SUMMARY OF THE STUDY
A total of 200 patients of at least 18 years of age at a single center in Canada from 2016 to present with papillary thyroid cancer <2 cm in size that were considered to be low risk were enrolled in the study. Patients were provided written information about the prognosis of low-risk papillary thyroid cancer and options for surgery vs active surveillance. The goal of the study was to assess the amount of patients choosing active surveillance over surgery and what factors affected their decision.
The average cancer size in these patients was 1.1 cm and 56% were larger than 1 cm. Out of 200 patients, 155 (77.5%) opted for active surveillance while 45 (22.5%) opted for immediate surgical intervention. Patients were more likely to choose active surveillance over surgery if they were older than 40 years of age; this was particularly true for those 65 years or older. Patients choosing active surveillance also had lower formal education. Those who chose surgery reported responsibility for children younger than 18 years as well as those who had already identified a surgeon within the study institution. Most patients in both groups reported independent decision-making (86%), as opposed to shared decision-making with their physician (14%), and 96% reported high satisfaction with their decision. Additional predictors of choosing surgery included fear of disease progression and an active coping style, while predictors of choosing active surveillance included fear of requiring thyroid hormone replacement after surgery.

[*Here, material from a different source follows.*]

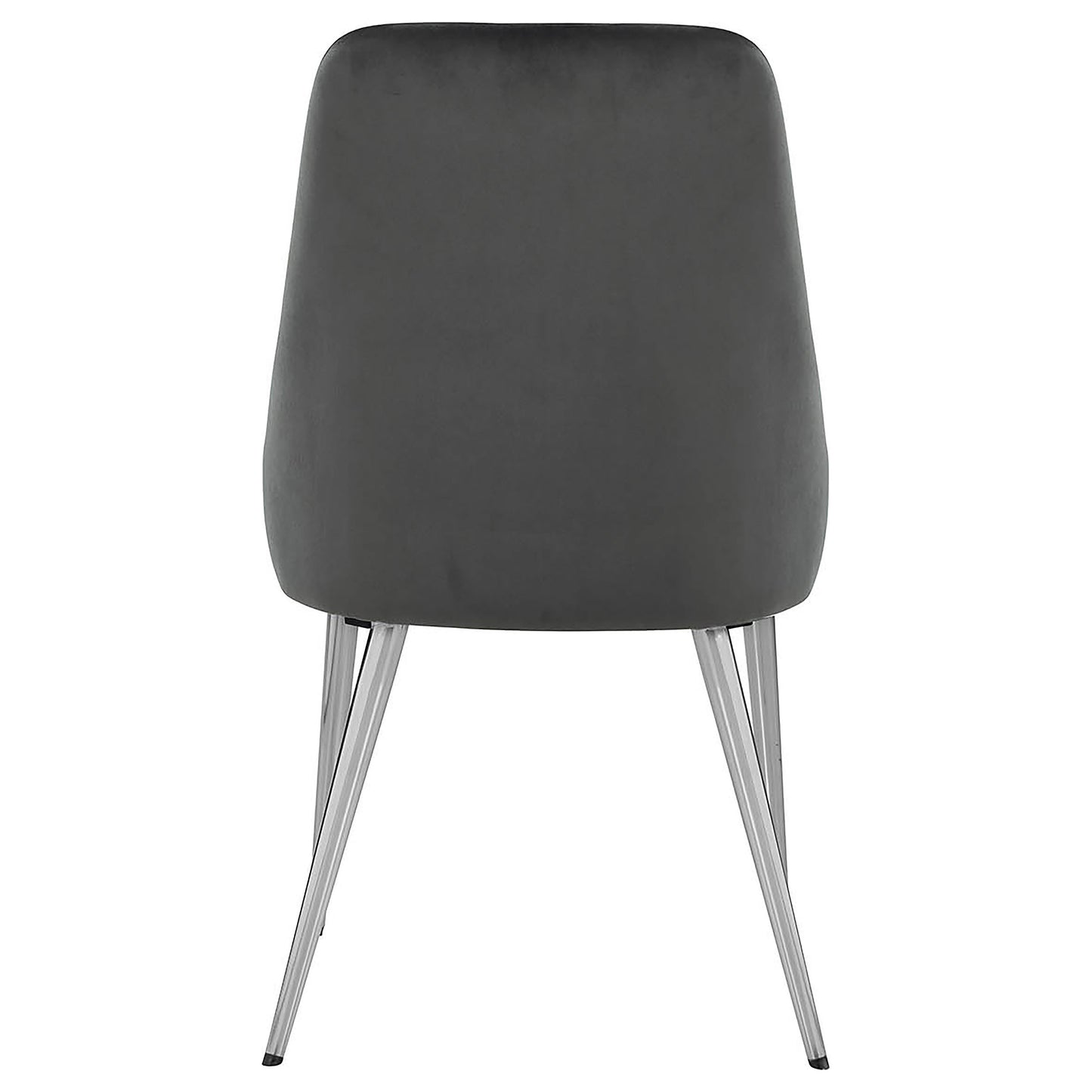 Silla de comedor tapizada Cabianca gris (juego de 2)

WHAT ARE THE IMPLICATIONS OF THIS STUDY?
In this study, results indicate that patients are more likely to choose active surveillance instead of surgery for low-risk papillary thyroid cancer if they were older than 40 years of age, had lower formal education and preferred not to be on thyroid hormone after surgery. Patients choosing surgery reported a fear of cancer progression along with responsibility for their children. Importantly, the vast majority of patients reported making this decision on their own. This highlights an opportunity for doctors to discuss active surveillance with their patients and to be aware of the factors that drive patients to make a decision on treatment options. This study is important as it is of vital importance to understand patient’s values and how others influence their decision when having this discussion.